La “revolución” digital, y, sobre todo, la generalización del uso de las pantallas como medio para relacionarnos con los demás y con nuestro entorno, ha traído un daño colateral del que se viene alertando en algunos ámbitos. Este “daño” al que nos referimos es el que afecta a nuestra memoria.
Todos somos conscientes, en mayor o menor medida, que desde la irrupción de las “pantallas” hemos perdido “memoria”. Actos cotidianos, como recordar un número de teléfono, una dirección, una clave de acceso, etc., han quedado relegados a un segundo plano desde hemos permitido que las pantallas, y en concreto, el teléfono móvil, ocupen un lugar central en nuestra vida. Seamos claros… hemos perdido “memoria”. Hemos relegado nuestra capacidad de recordar, nuestra memoria, al volumen de almacenaje de nuestro dispositivo móvil.
Y precisamente de la memoria queremos hablaros hoy. De la memoria profunda, aquella en la que se almacenan y arraigan los recuerdos que han dejado huella en nuestra vida. Recuerdos que apuntan a nuestras raíces, en los que encontramos razón de nuestra historia y de nuestro ser… Recuerdos en los que encontramos explicación a nuestra forma de entender el mundo que nos rodea y cómo nos relacionamos con él.
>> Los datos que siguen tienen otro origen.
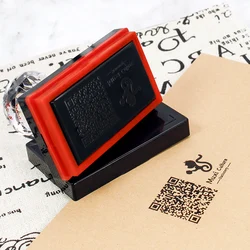 Sello Rectangular de dirección Pernal, sello fotosensible personalizado, logo personalizado, autoentintable, personalizado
Porque una persona sin memoria, sin recuerdos, es una persona que tendrá dificultades a la hora de entender a dónde va, y sobre todo, cómo puede llegar hasta allí. En el pasado boletín hablábamos de la importancia de generar un ambiente en el que nuestras hijas puedan crecer y que seamos nosotros los que lideremos la creación de ese ambiente (en casa, en el colegio, etc.).
Ahora queremos cuestionarnos acerca de qué queremos transmitir a nuestras hijas en dicho ambiente, a fin de cuentas, qué queremos que alimente la memoria de nuestras hijas, de tal forma que, como todos nosotros, cuando recordamos nuestra historia, podamos encontrar aquellos recuerdos en los que se asientan los pilares de nuestra vida. El recuerdo de nuestros primeros pasos en la fe (probablemente con el día de nuestra Primera Comunión), del sabernos queridos por nuestros padres, del sentido de la amistad, de nuestros veranos con la familia y con los amigos, de nuestros abuelos… En todos esos recuerdos se nos hacen presentes personas, situaciones, eventos, en los que vamos viendo, con el paso de los años, no sólo nuestra historia, sino la de nuestra familia. ¿Qué recuerdos queremos que tengan nuestros hijos? ¿Queremos que sean recuerdos “temporales”, propios de la memoria inmediata y que desaparecen en poco tiempo o, por el contrario, queremos que se trate de esos recuerdos que arraigan en nuestra memoria profunda, que permanecen en nosotros?
Cultivemos así la memoria de nuestros hijos, ayudándoles a construir una vida llena de esos recuerdos “profundos”.